Interestingly, there are indications of effects from supplementations among subgroups with deficient levels of circulating 25(OH)D concentrations. The ethical challenges, however, with conducting RCTs on selected populations at deficient levels are obvious. With regard to setting recommended intakes for vitamin D, this indication of an effect of supplementation in deficient groups supports the aim of avoiding vitamin D deficiency in the population (5). However, the literature in the current review does not support that circulating 25(OH)D concentrations beyond 50 nmol/L is required to achieve sufficient vitamin D health.

Knowledge gaps

Methodological improvements, a large number of studies and published original papers have increased the total SOE. In particular, the growing number of well-designed RCTs on vitamin D and several outcomes have increased the SOE compared to the evidence status a decade ago. However, identified weaknesses are challenges related to calcium being administered together with vitamin D interventions, few studies conducted on participants with deficient 25(OH)D concentrations, and still lack of well-designed RCTs on some suggested vitamin D related health outcomes. More knowledge on vitamin D status being a result of, more than a cause of diseases and ill health, could have methodological implications on future study designs. In addition, more knowledge on the direction of the relation between vitamin D and diseases will have implications on the interpretation of available data. The role of vitamin D in inflammation and inflammation-related diseases is interesting. However, based on today’s knowledge the evidence is weak and cannot guide dietary recommendations.

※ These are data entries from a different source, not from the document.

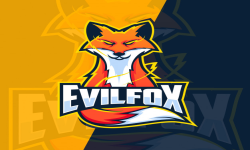 Evil Fox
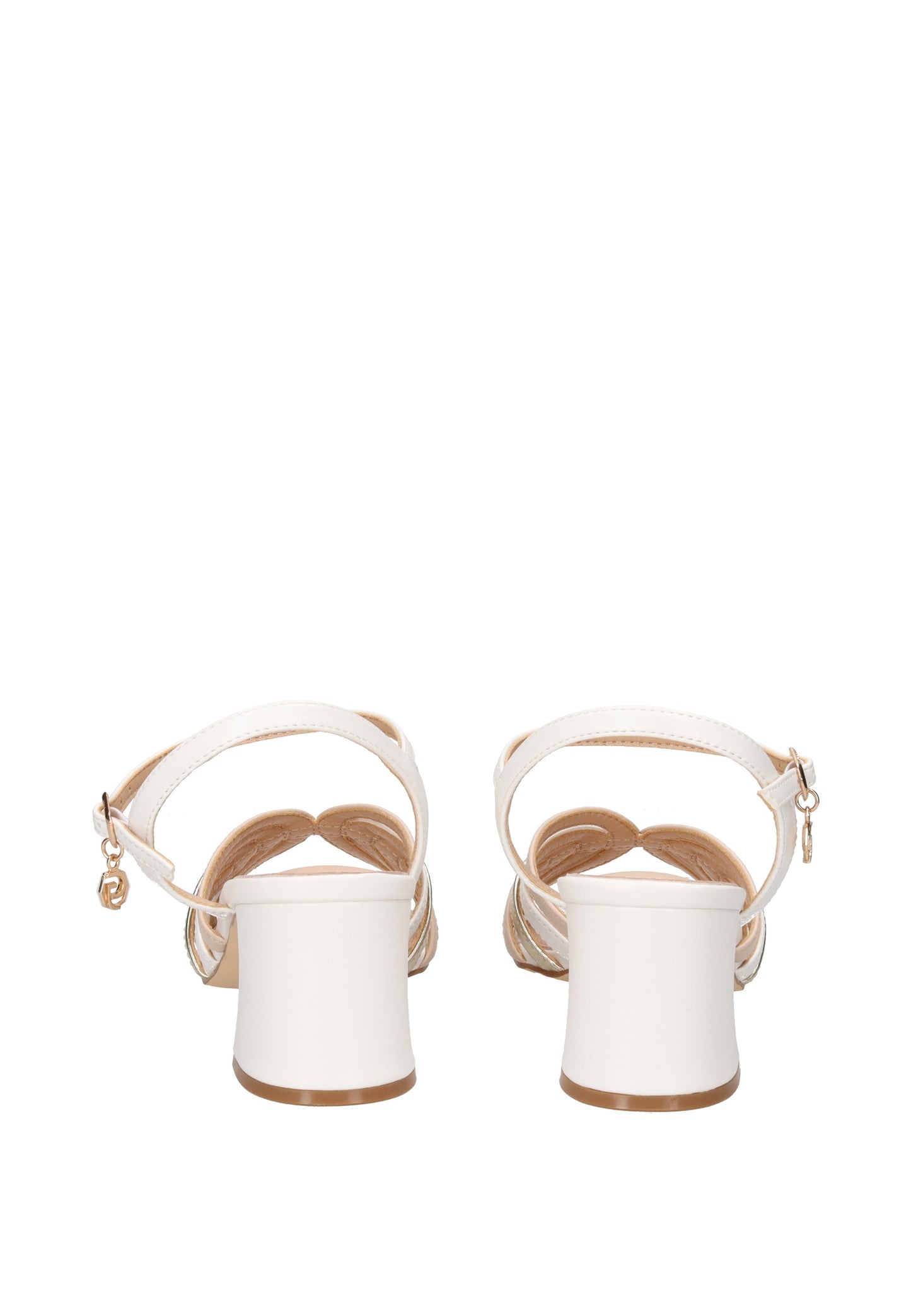 GP955 Sandalo GOLD&GOLD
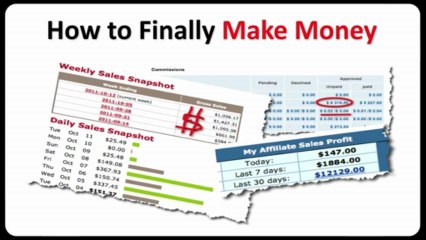 Home business| Building a MLM Home Business Fast.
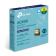 Сетевой адаптер WiFi TP-Link Archer T2UB Nano AC600 USB 2.0 (ант.внутр.) 1ант. от магазина РЭССИ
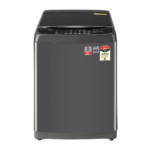 LG T65SPMB1Z Washing Machines Front-View-DZ-01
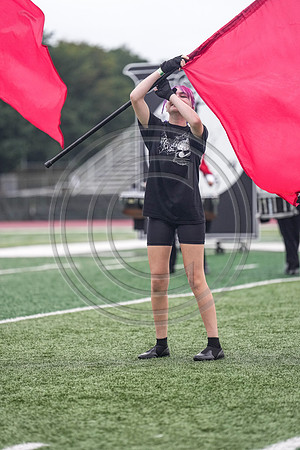Cinnaminson_230909_Raritan-00029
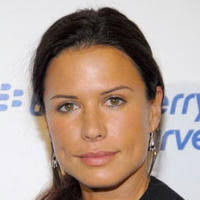 The husbands are jealous of lysander. About Rhona Mitra English Actress Model And Singer 1976 Biography Facts Career Wiki Life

Implications for recommendations

There is convincing evidence for recommendations to be set to prevent the population from being vitamin D deficient, defined as 25(OH)D <30 nmol/L. There is an increasing body of evidence showing that there is no additional health benefit from increasing the 25(OH)D levels above the suggested sufficient level at around 50 nmol/L.

Based on the totality of present available scientific evidence on vitamin D and health, the overall picture is in line with what was described a decade ago when the NNR2012 was set. The updated evidence does not justify revision of the recommendations. The SOE has increased due to the large research activity within this field. Thus, there is stronger certainty now to conclude that increasing the recommendations will not have an effect in reducing disease risks in the population.